Start of Data records
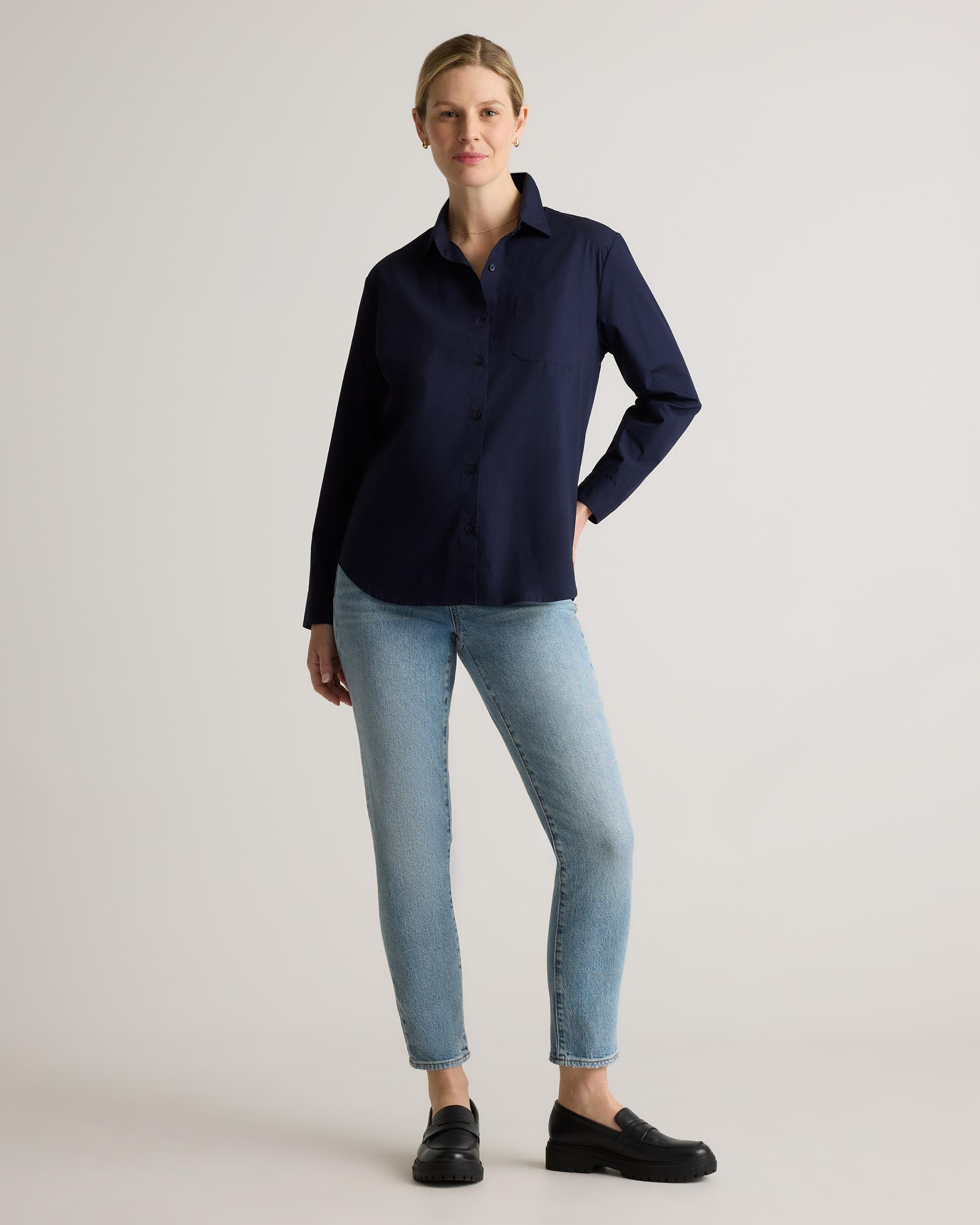 Quince | Women's Poplin Maternity Long Sleeve Shirt Organic Cotton Product Image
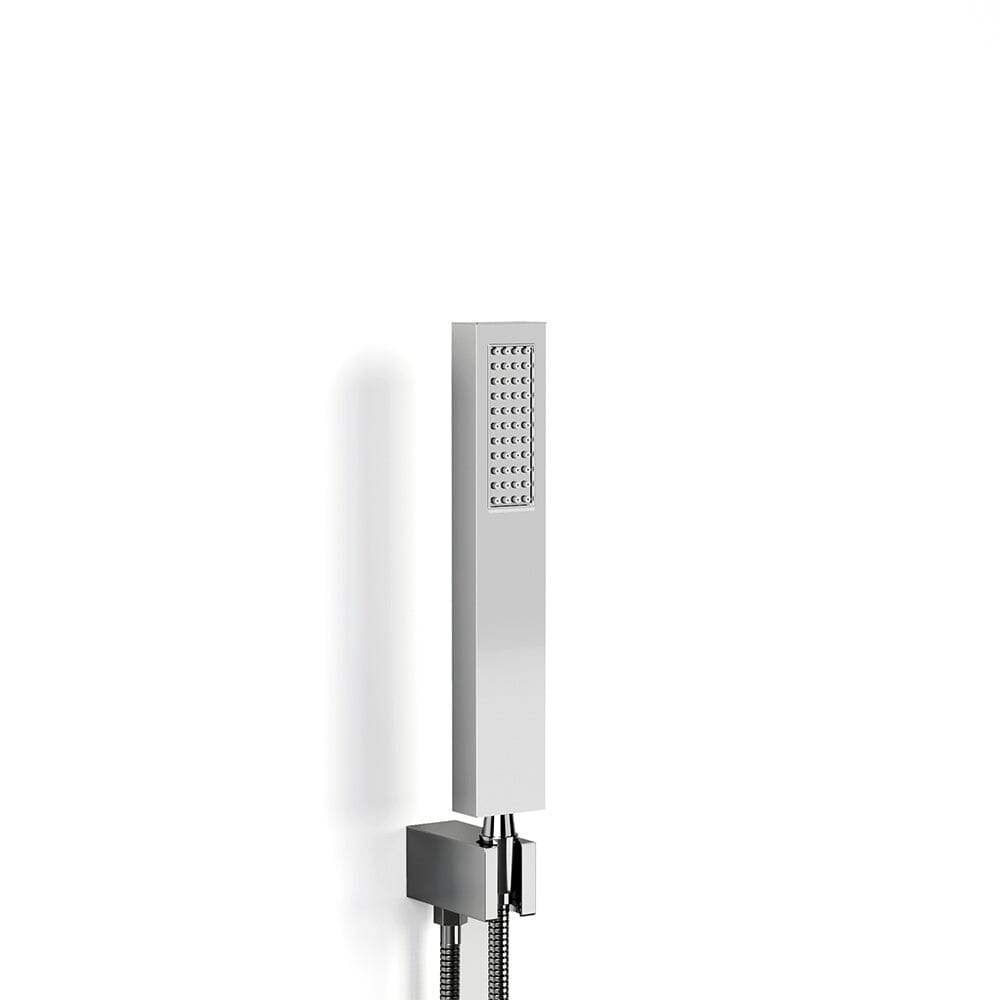 Sliver/Black Chrome Plated Square Concealed Showerhead and Handshower Mixer Set
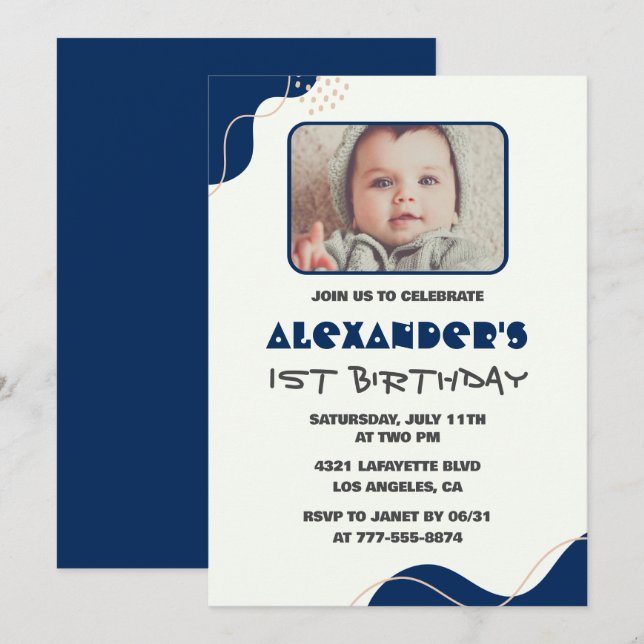 1st birthday invitations Boy Navy Simple Photo (Front/Back)
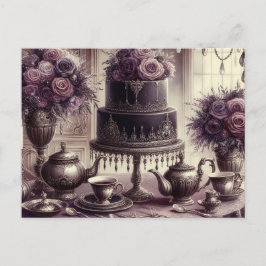 Elegant Dark Moody Tea Party  Vykort
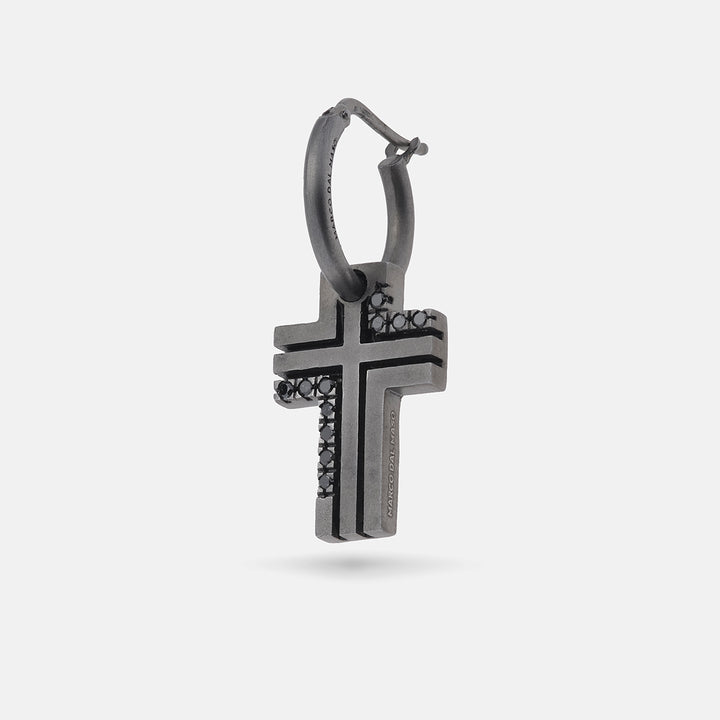 THE CROSS Enamel and Diamonds Earring, Oxidized Silver, Black Diamond, Black Enamel-Standard View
End of Data records
Everything in the material above must be repeated exactly, apart from its pictures.

 Quince | Women's Poplin Maternity Long Sleeve Shirt Organic Cotton Product Image
 Sliver/Black Chrome Plated Square Concealed Showerhead and Handshower Mixer Set
 1st birthday invitations Boy Navy Simple Photo (Front/Back)
 Elegant Dark Moody Tea Party  Vykort
 THE CROSS Enamel and Diamonds Earring, Oxidized Silver, Black Diamond, Black Enamel-Standard View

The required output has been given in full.